By Brian Barth
Winter is coming. But don't go putting your gardening gloves away just yet.
Gardening is often treated as a seasonal sport, but it's possible to play in winter, too—you just have to learn a slightly different set of rules. The first, and most important, step is to understand which crops are best adapted to indoor growing. Then it's a matter of creating the right conditions for each.
If you have a sunny south-facing window, some of the crops below are fairly effortless to grow indoors in winter. If you have them growing in a pot outdoors already, simply reposition them inside and continue providing water and fertilizer (here's a selection of natural and organic fertilizers suitable for indoor plants). Others will need supplemental lighting in order to thrive, as winter days are too short for many species to photosynthesize sufficiently. Find indoor grow lights and accessories online and at garden centers and hydroponic stores. Full spectrum fluorescent bulbs are the most widely available and cost-effective type.
Basil, oregano, sage, lavender, mint, thyme, rosemary, dill, and other herbs are among the easiest edibles to grow indoors. Of these, mint is the most shade tolerant, though it still needs a few hours of direct light each day to thrive.
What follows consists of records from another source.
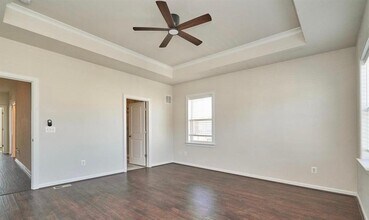 45116 Kincora Dr in Sterling, VA - Building Photo - Building Photo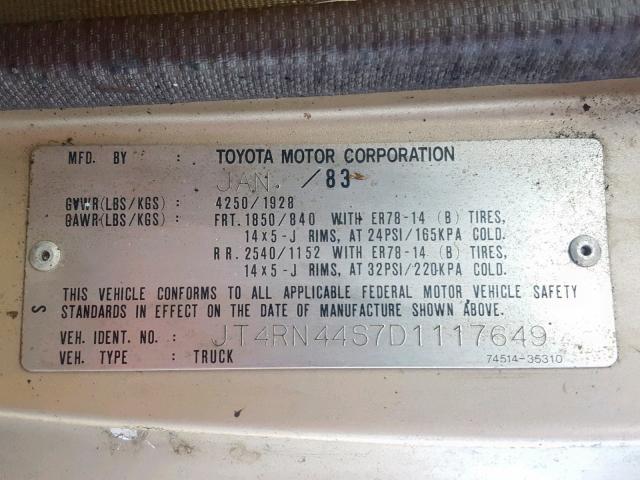 JT4RN44S7D1117649 - 1983 TOYOTA PICKUP 1/2 BEIGE photo 10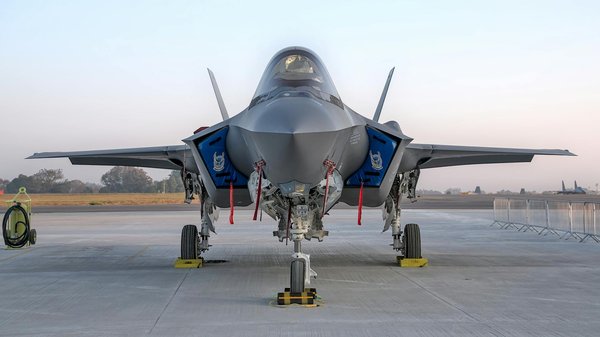 What accessories are essential for a festival-ready outfit?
Basil and dill have the highest heat requirements, so you'll want to make sure they're located in a room that stays above 60 degrees at night.
Lettuces, arugula, spinach, kale, and other leafy greens are also easy to grow indoors, though you'll have more luck harvesting them as baby greens, rather than trying to grow them to maturity. Sow a new batch of seeds every few weeks to maintain a ready supply. Greens do not need supplemental light if located in a sunny, south-facing window. Otherwise, provide 10 to 12 hours of artificial light daily.
3. Cherry Tomatoes
Fruiting plants are trickier to grow indoors in winter because most need ample sunlight and heat to mature. Cherry tomatoes are one of the easiest of the fruiting crops to grow indoors, though they will definitely require artificial light—about 16 hours each day. They also need nighttime temperature to be kept above 65 degrees to thrive. A warm sunroom where daytime temperatures reach 75 to 80 degrees is ideal.
4. Chili Peppers
Chilies (cayenne, jalapeno, habanero, etc) are another category of fruiting edible that is relatively easy to grow indoors. The smallest varieties, like cayenne, are the easiest to ripen. Growing requirements are the same as cherry tomatoes.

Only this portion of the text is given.